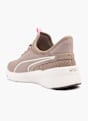 PUMA Slip-on trainer light pink 149107 3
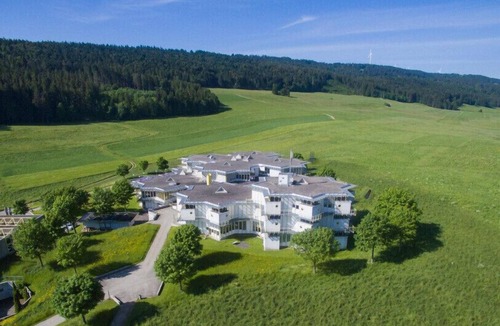 Tramelan Hotel | Hotel CIP
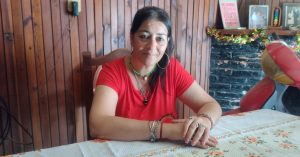 Lee más sobre el artículo Milagro en Villa Ramallo: Yaquelin, la heroína que salvó a una bebé de 11 meses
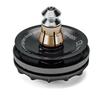 Sachtler aktiv 100mm Bowl Connector V2 view 1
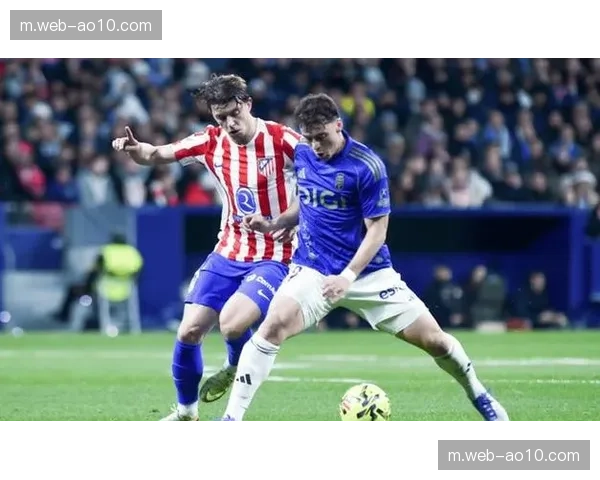 马竞近5轮仅赢1场,客场三连不胜暴露进攻端稳定性不足 马竞近5轮仅赢1场,客场三连不胜暴露进攻端稳定性不足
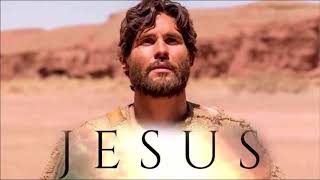 Video thumbnail of "Música tema de abertura da novela  Jesus  Record"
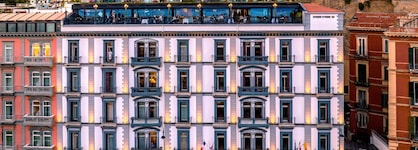 Grand Hotel Parkers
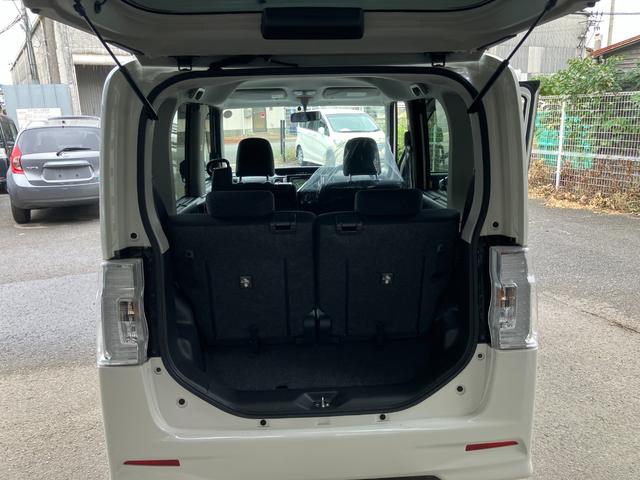 タントカスタムＲＳ　スマートセレクションＳＡ＆ＳＮプッシュスタートボタン　ＬＥＤヘッドランプ　両側パワースライドドア　１５インチアルミホイール　ミラクルオープンドア（和歌山県）の中古車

§ WHAT THE EXERCISE ASKS: Exactly as they appear above, print all the lines, but not the pictures.

§ ANSWER TO THIS TASK:
 PUMA Slip-on trainer light pink 149107 3
 Tramelan Hotel | Hotel CIP
 Lee más sobre el artículo Milagro en Villa Ramallo: Yaquelin, la heroína que salvó a una bebé de 11 meses
 Sachtler aktiv 100mm Bowl Connector V2 view 1
 马竞近5轮仅赢1场,客场三连不胜暴露进攻端稳定性不足 马竞近5轮仅赢1场,客场三连不胜暴露进攻端稳定性不足
 Video thumbnail of "Música tema de abertura da novela  Jesus  Record"
 Grand Hotel Parkers
 タントカスタムＲＳ　スマートセレクションＳＡ＆ＳＮプッシュスタートボタン　ＬＥＤヘッドランプ　両側パワースライドドア　１５インチアルミホイール　ミラクルオープンドア（和歌山県）の中古車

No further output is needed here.